PROBLEM DETAILS:
Copy the complete listing word for word, but do not carry over any images.

***

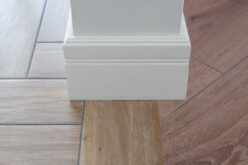 Top 4 Reasons Why Hard Surface Flooring is the Perfect Choice for Your Home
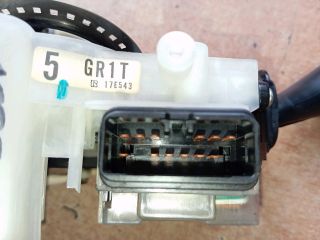 bontott MAZDA 6 Komplett Kormánykapcsoló (Bajuszkapcsoló)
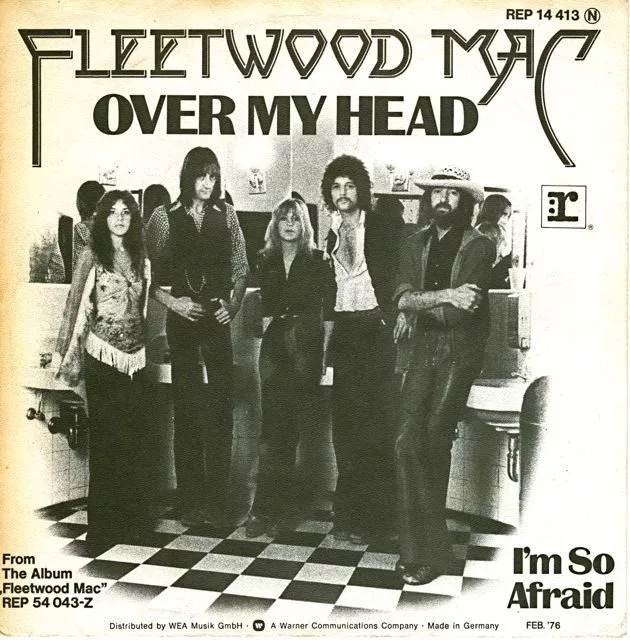 fleetwood_mac-over_my_head_s-5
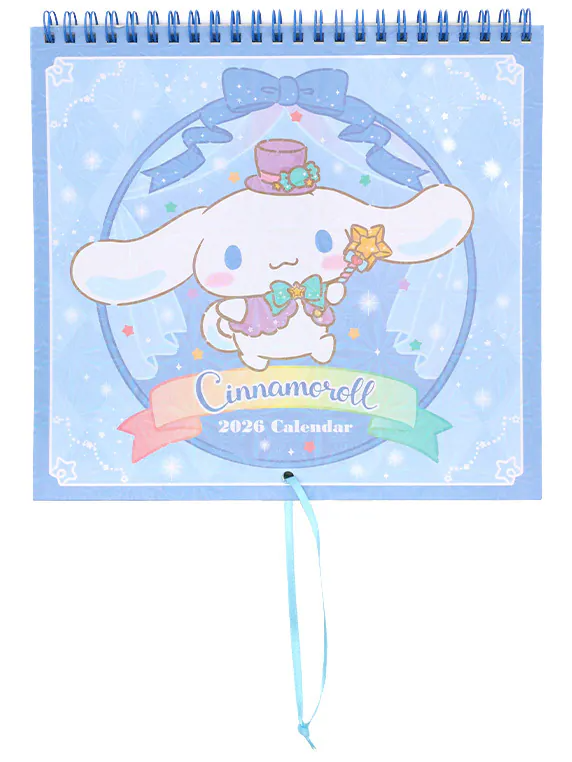 qq-1757666751329.png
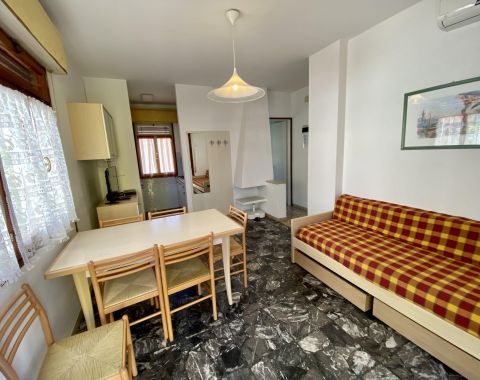 Condominio Bibione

***

FINAL ANSWER:
 Top 4 Reasons Why Hard Surface Flooring is the Perfect Choice for Your Home
 bontott MAZDA 6 Komplett Kormánykapcsoló (Bajuszkapcsoló)
 fleetwood_mac-over_my_head_s-5
 qq-1757666751329.png
 Condominio Bibione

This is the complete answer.